A ride in a tuk-tuk is usually a bit more expensive than a songthaew, and we mostly used it when we couldn't find a songthaew. Another good option is Grab, the Uber for Southeast Asia. A Grab ride is often only slightly more expensive than a songthaew and is the best choice if you need to travel outside the city center.
Renting a scooter
Renting a scooter is another popular option. Renting a scooter in Chiang Mai is especially a good idea for beautiful trips in the surrounding areas. The costs are low, especially if you rent the scooter for several days or a week.
We had a good experience with Zippy Motorbike Rentals Chiang Mai. They offer reasonable prices, and you'll receive a confirmation by email. You also don't have to leave your passport with them, which is officially prohibited in Thailand, but many companies still ask for it. The deposit is 2,000 baht, around 55 dollars. This company is located in the Ban Sathaphon district, between the old city and Nimman.
It's important to know that riding a scooter with a scooter license is not allowed in Thailand, even with an international driver's license. The reason is that scooters in Thailand have a minimum engine size of 100cc, compared to 50cc in some other places. You can receive a fine if you can't present a valid license. Furthermore, without a motorcycle license, you are often not covered by your travel insurance in the event of an accident. Many tourists rent scooters in Thailand without a license, but it's a choice you have to make for yourself.

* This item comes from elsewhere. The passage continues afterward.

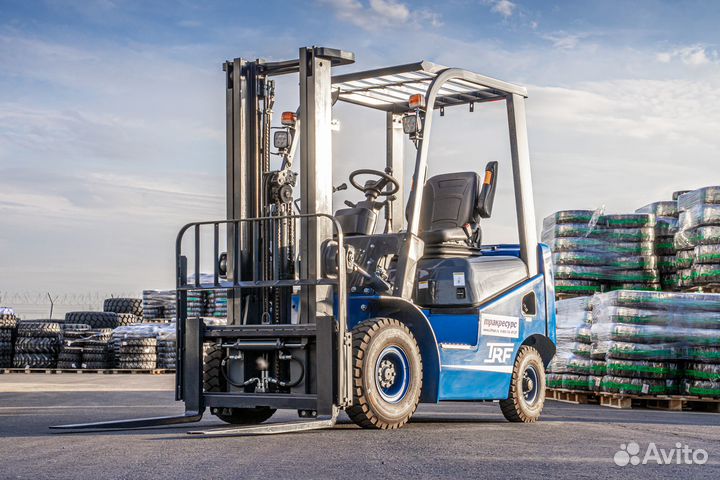 Вилочный погрузчик TRF D15-4i2, 2023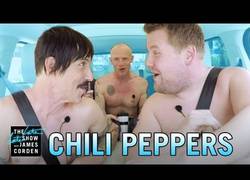 Enlace a Red Hot Chili Peppers visita el Carpool de James Corden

Police sometimes conduct random checks, primarily targeting tourists. One common spot for police to pull over scooters is between MAYA Shopping Center near Nimman and Chiang Mai Zoo, roughly near Chiang Mai University, but only in the direction of the zoo. This is a popular route for tourists heading to the mountains (Monk's Trail, Wat Pha Lat, and Wat Phrathat Doi Suthep).
Chiang Mai is the second-largest city in Thailand after Bangkok. However, this isn't reflected in the prices in this city. In general, Chiang Mai is significantly cheaper than Bangkok and most other popular places in Thailand. There are many budget-friendly places to eat, both in the old city and in various neighborhoods around it. In the more modern Nimman district, prices are slightly higher, primarily due to hipper and trendier restaurants and cafes.

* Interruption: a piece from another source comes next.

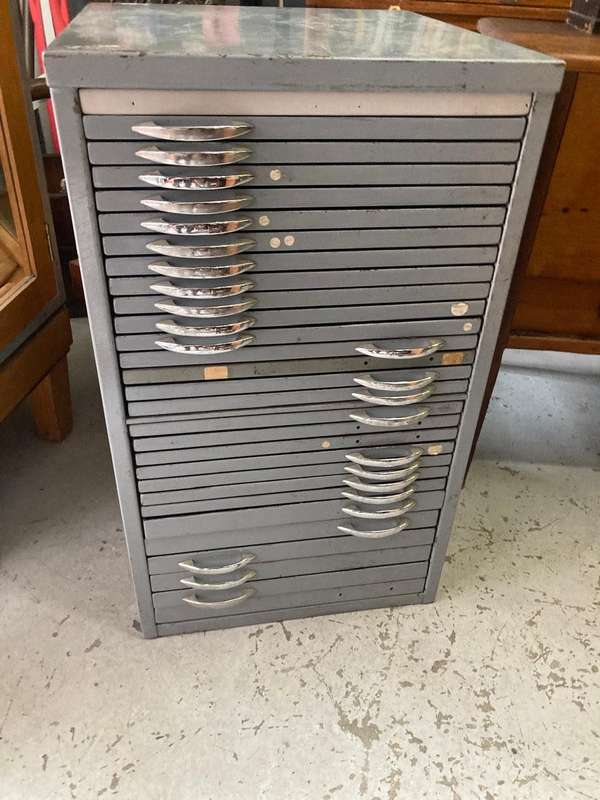 Vintage Steel Speciman Cabinet ( 75 x 45 x 45 cm )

If you're curious about the cost of a trip to Thailand, be sure to read our article What Does Traveling in Thailand Cost? in which we discuss the costs for various types of budgets and describe an average daily budget.

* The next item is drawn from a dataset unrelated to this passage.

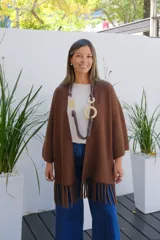 Saco abierto de color chocolate, con mangas tres cuartos y detalle de flecos en el ruedo inferior.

The best months to visit Chiang Mai are from November to January. The rainy season has just passed during this period, which means that the natural surroundings are beautifully green, the rice fields look stunning, and there are plenty of blooming flowers. Starting from January, the "burning season" or "smoky season" begins, and the air quality becomes extremely poor. This is caused by both natural fires that easily occur during this prolonged dry period and human-made fires on agricultural land.